Exercise: Output a character-exact copy of the data, images removed.

Source material:
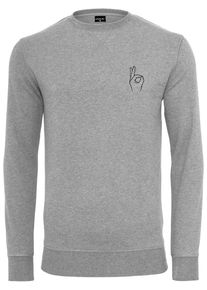 MisterTee Herren Rundhalspullover "MisterTee Easy Sign Crewneck", grau, casual, Gr. XS, unifarben, 100% Baumwolle, Pullover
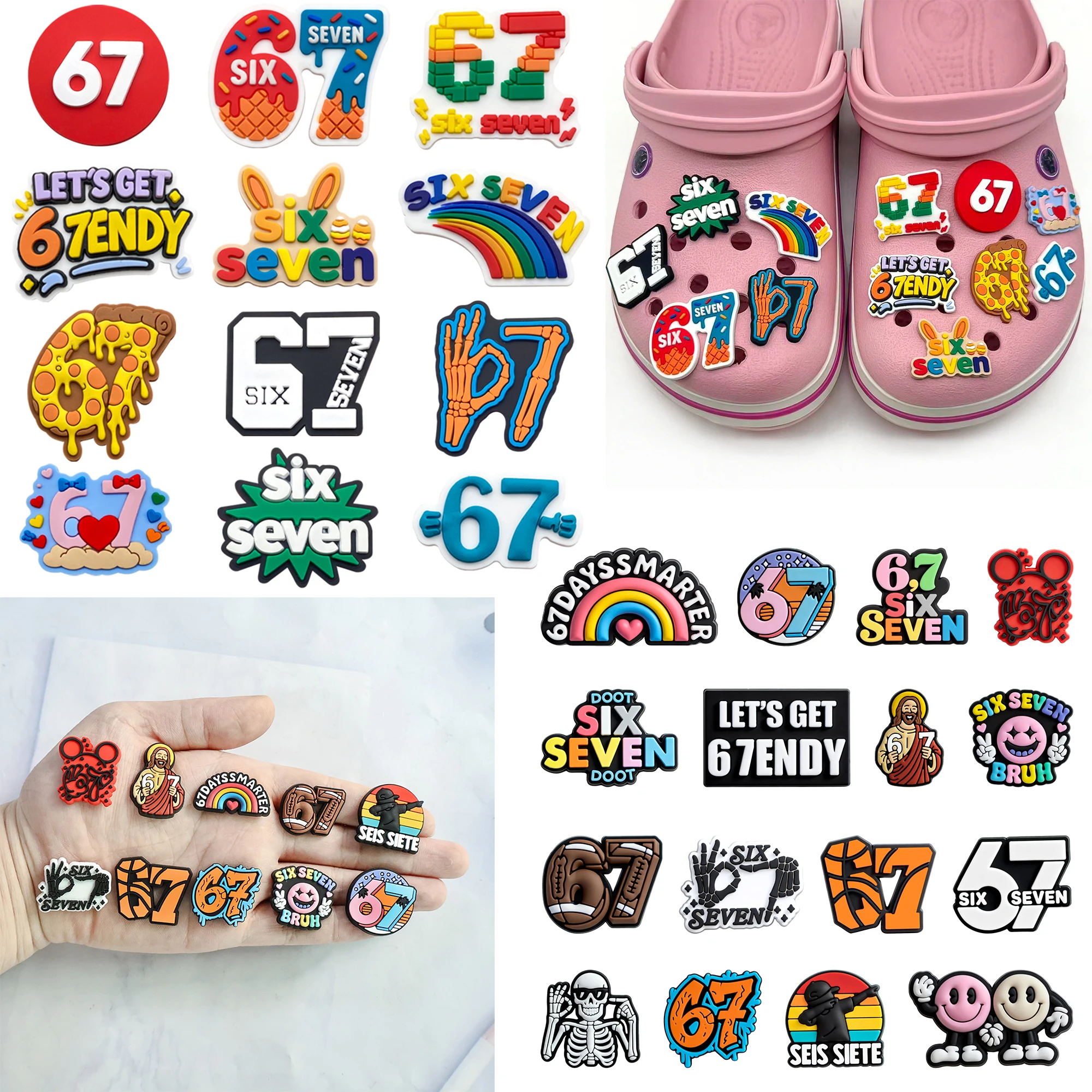 Neuer Internet-Trend: Six Seven Schuh-Charms, PVC-Schuhdekoration, Armband, Sandalen-Schuhzubehör, Schnalle für Kindergeschenke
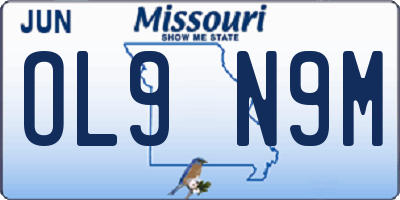 MO license plate OL9N9M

Response area:
 MisterTee Herren Rundhalspullover "MisterTee Easy Sign Crewneck", grau, casual, Gr. XS, unifarben, 100% Baumwolle, Pullover
 Neuer Internet-Trend: Six Seven Schuh-Charms, PVC-Schuhdekoration, Armband, Sandalen-Schuhzubehör, Schnalle für Kindergeschenke
 MO license plate OL9N9M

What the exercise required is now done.